§ Task goal
Each line, starting at the one with "AllSaints Spitalfields Tie" and running to the end of the data below, is to be set down again exactly, both ends included; leave pictures out.

§ Given data
----

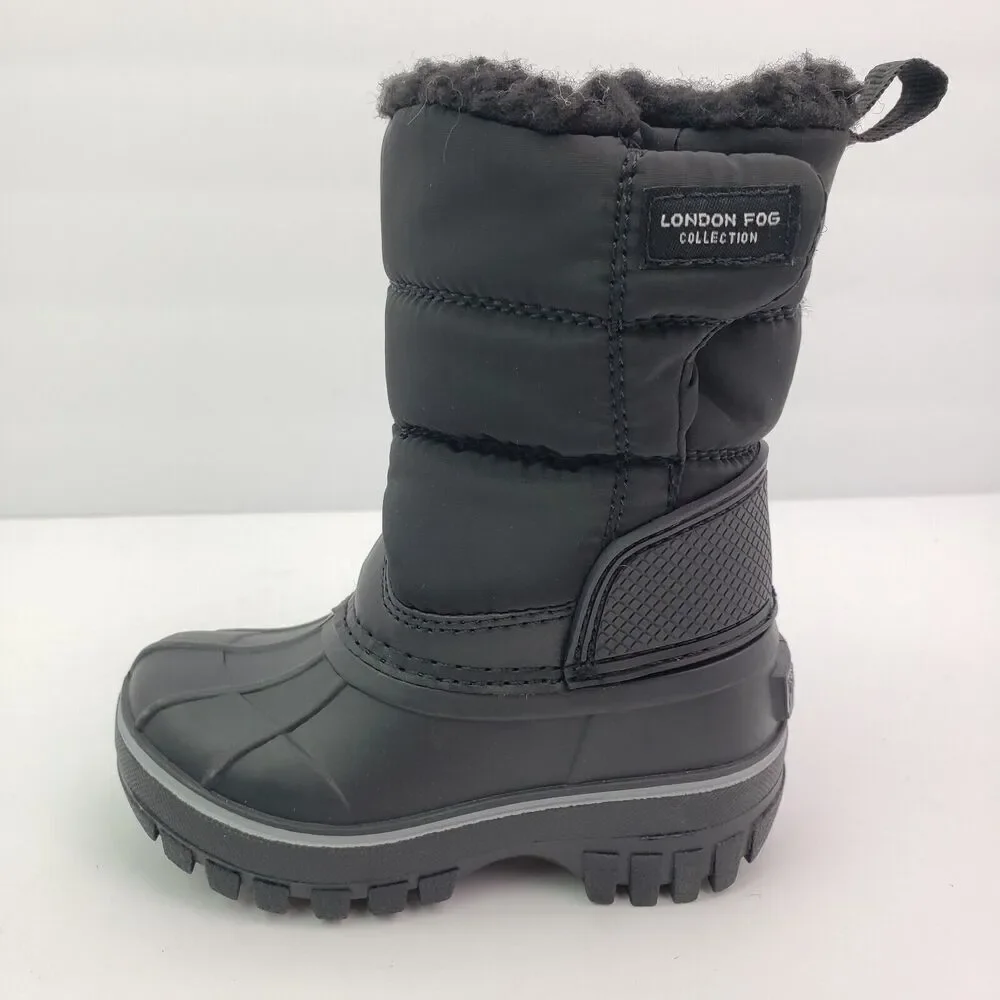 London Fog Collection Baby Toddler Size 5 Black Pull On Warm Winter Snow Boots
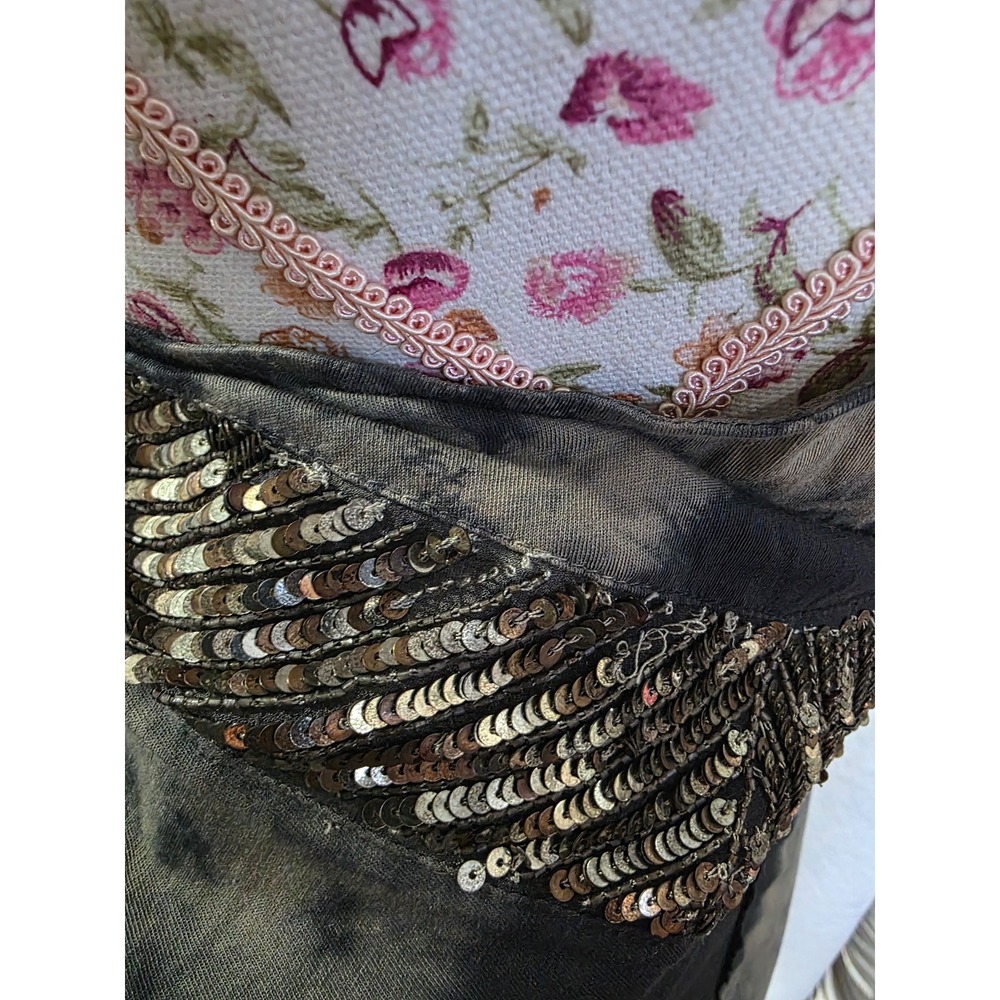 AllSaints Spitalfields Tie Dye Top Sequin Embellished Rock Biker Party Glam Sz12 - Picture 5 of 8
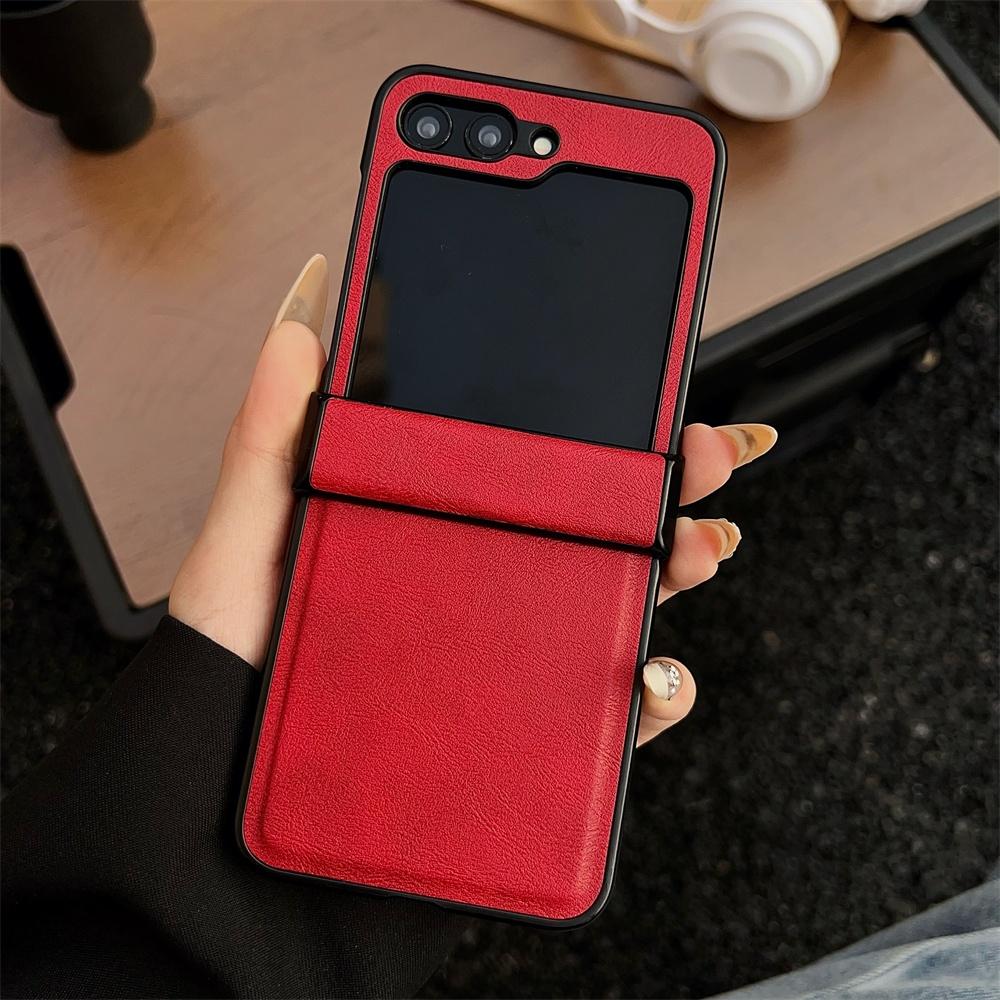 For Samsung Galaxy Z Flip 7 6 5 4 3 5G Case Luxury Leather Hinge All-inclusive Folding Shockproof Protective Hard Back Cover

----

§ Problem solution
 AllSaints Spitalfields Tie Dye Top Sequin Embellished Rock Biker Party Glam Sz12 - Picture 5 of 8
 For Samsung Galaxy Z Flip 7 6 5 4 3 5G Case Luxury Leather Hinge All-inclusive Folding Shockproof Protective Hard Back Cover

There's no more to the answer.